Overfishing Aids Sponges, Hurts Corals on Caribbean Reefs

With brightly colored branches, tubes, mounds, fans and barrels, sponges are dominant animals on most reefs. Despite their quiet stillness, they are involved in an ancient and ongoing struggle with their predators and competitors — and on modern-day Caribbean reefs, sponges appear to be winning.

Sponges feed by consuming tiny particles and dissolved compounds in the seawater they pump through their bodies. Millions of flagellated cells inside sponges power this pumping, generating an outward flow from the sponges' larger openings. A population of Caribbean giant barrel sponges can process the entire volume of seawater above a reef in as few as three to 18 days, depending on sponge abundance and depth. This unusual feeding strategy sets sponges apart from the other two primary reef occupiers, corals and seaweeds, which rely primarily or exclusively on sunlight and photosynthesis for their nutrition. Using this difference to their advantage in the struggle for available space, sponges can grow to shade and smother corals and seaweed and then steal the real estate.
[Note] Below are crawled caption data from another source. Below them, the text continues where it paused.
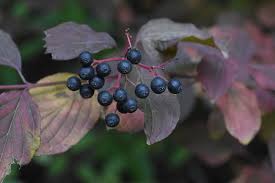 Image result for Cornaceae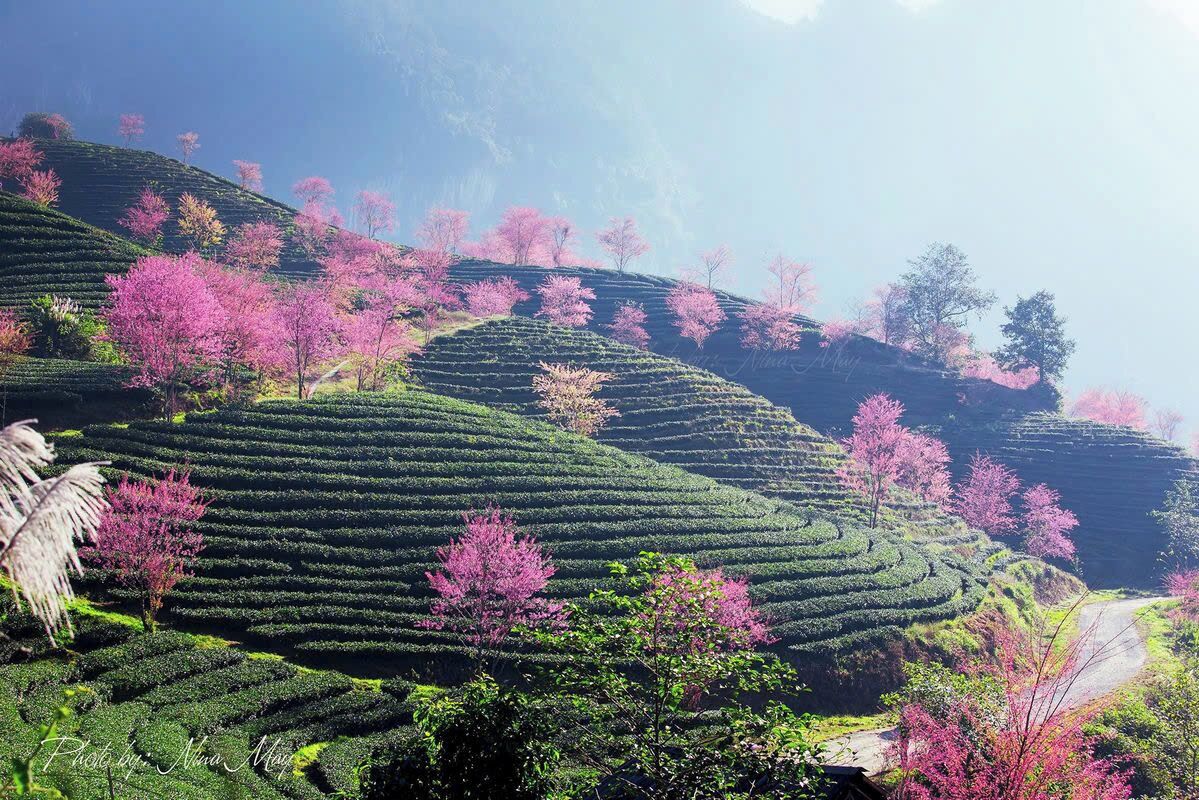 Terraced tea plantations with rows of tea bushes and pink flowering trees.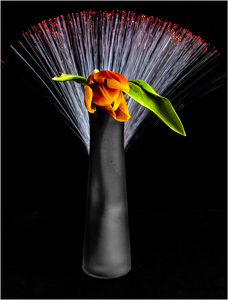 Dark Beauty - Photo by Eric Lohse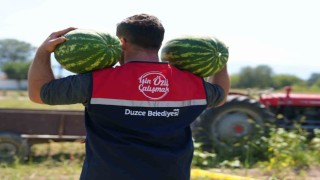 Ata tohumundan üretildi, ihtiyaç sahiplerine ulaştırıldı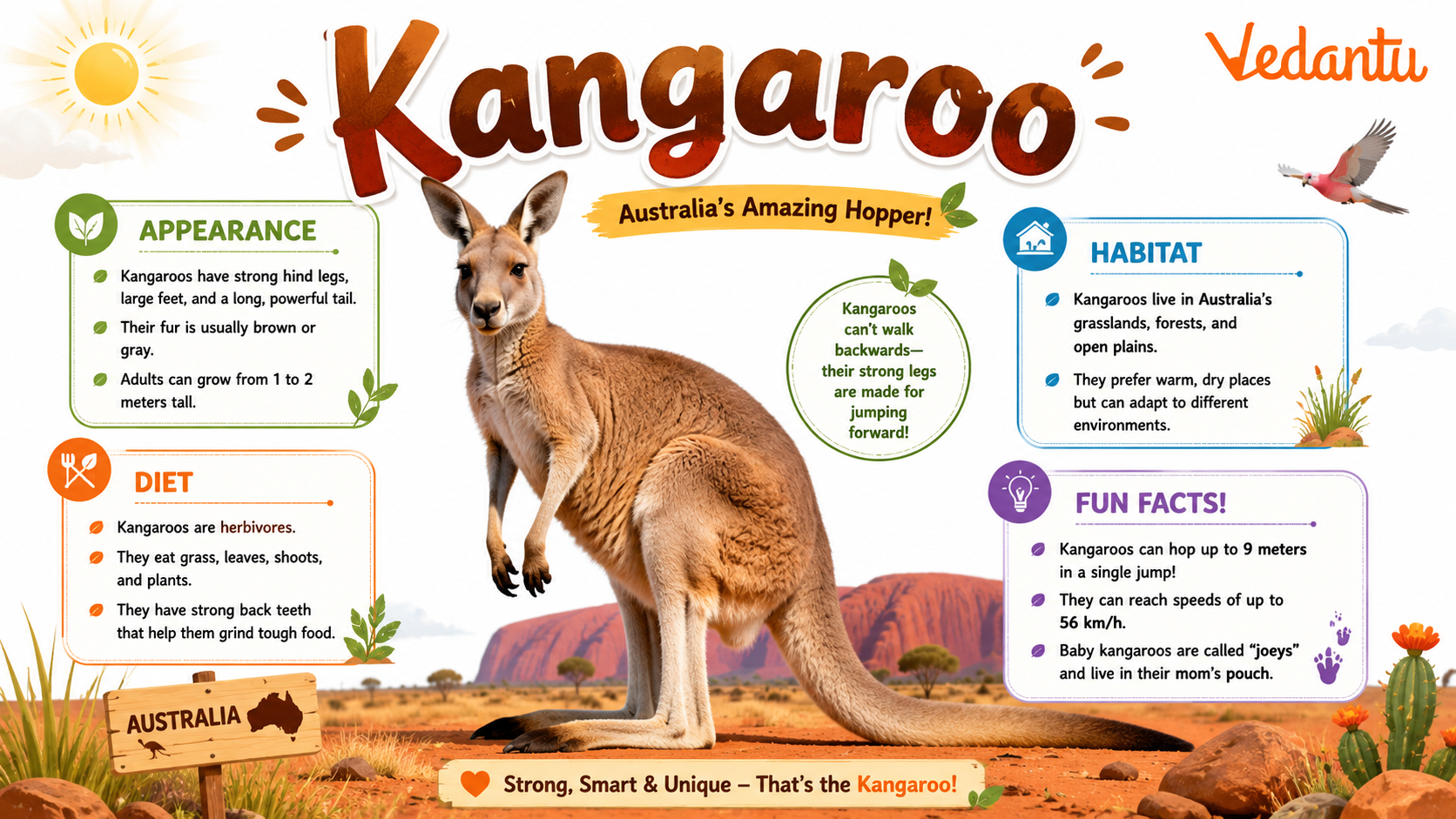 Kangaroo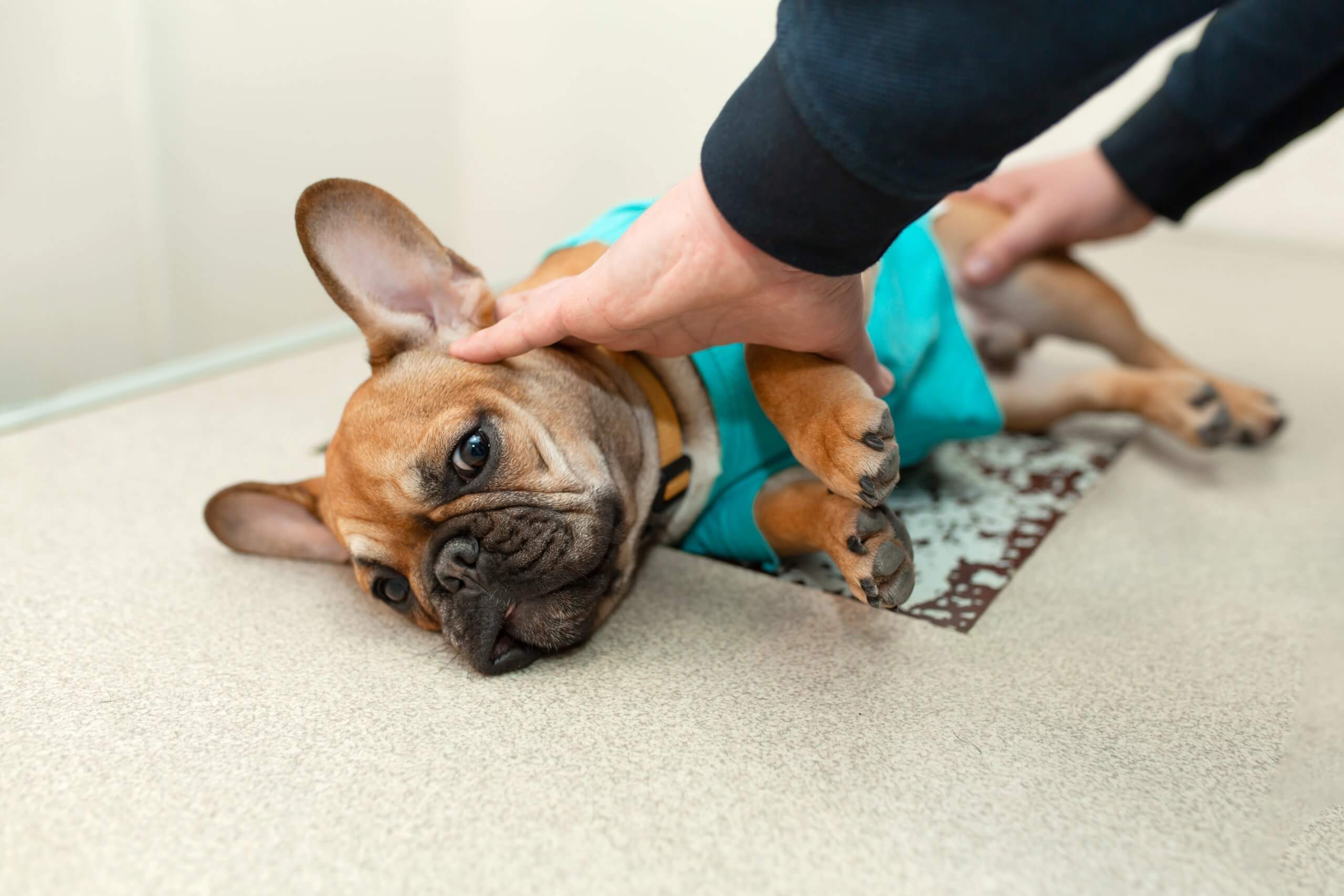 18 French Bulldog Health Problems Australia Stock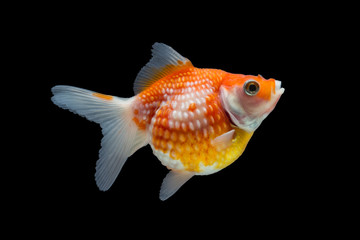 goldfish isolated on black background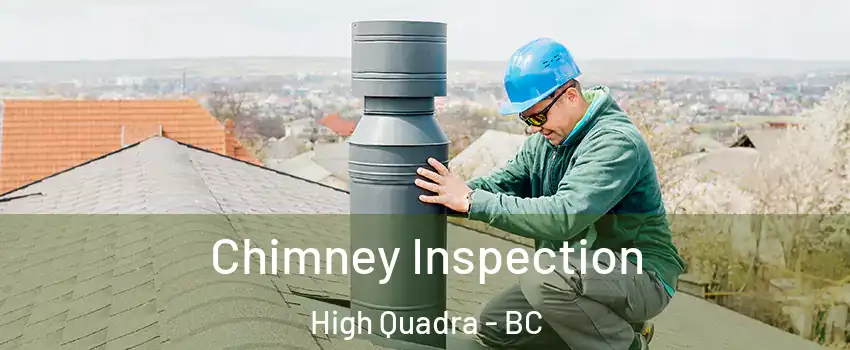 Chimney Inspection High Quadra - BC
When my research group from the University of North Carolina Wilmington began working on sponges more than 25 years ago, the conventional wisdom was that sponges on Caribbean reefs were largely unaffected by predation. Angelfishes and hawksbill turtles had been identified as sponge predators, but it was thought that their feeding activity was evenly spread out among sponges, not causing particular harm to any one species. We discovered that several species of parrotfishes are sponge predators. Furthermore, we determined that predators avoid some sponge species because of distasteful chemical compounds in the sponges' tissues. Over the years we have worked with organic chemists to isolate and identify the chemical compounds that serve as defenses for many sponge species. Some of these compounds show interesting properties that may be useful in the development of new drugs to treat human diseases.
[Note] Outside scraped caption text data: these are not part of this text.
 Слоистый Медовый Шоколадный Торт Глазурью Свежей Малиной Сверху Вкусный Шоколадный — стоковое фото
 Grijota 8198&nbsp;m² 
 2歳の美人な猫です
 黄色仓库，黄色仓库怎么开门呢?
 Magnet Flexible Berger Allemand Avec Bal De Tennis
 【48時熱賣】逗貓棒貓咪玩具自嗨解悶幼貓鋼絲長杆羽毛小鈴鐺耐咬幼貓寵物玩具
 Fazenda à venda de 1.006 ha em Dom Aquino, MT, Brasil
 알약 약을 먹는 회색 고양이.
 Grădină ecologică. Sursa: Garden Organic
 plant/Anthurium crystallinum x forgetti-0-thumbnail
Our research found that not all sponge species on Caribbean reefs have chemical defenses. Sponge predators targeted some very common species, such as gray tube and green branching sponges, in a series of experiments we conducted on reefs in the Florida Keys. We observed that these undefended sponges grow faster than chemically defended sponge species. This was important evidence for what ecologists call a resource trade-off: Sponge species invest their energy in either making chemical defenses or growing faster, but they can't do both.
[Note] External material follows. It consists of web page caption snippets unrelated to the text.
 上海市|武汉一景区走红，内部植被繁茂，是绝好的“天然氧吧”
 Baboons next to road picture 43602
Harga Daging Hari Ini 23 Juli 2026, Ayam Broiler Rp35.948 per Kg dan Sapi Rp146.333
Based on that observation, we predicted that undefended yet faster-growing sponge species would populate new reef habitats more rapidly than defended species. We were able to test this hypothesis with the sinking of the USS Spiegel Grove as an artificial reef off the coast of Key Largo, Fla., in 2002. After only four years the wreck was covered with undefended sponge species, and very few chemically defended species were present. Since then the wreck has attracted the angelfishes that eat these sponges, and on subsequent visits we have seen the relative proportion of undefended sponges decrease as the predators graze them and the chemically defended species steadily recruit and grow on the wreck.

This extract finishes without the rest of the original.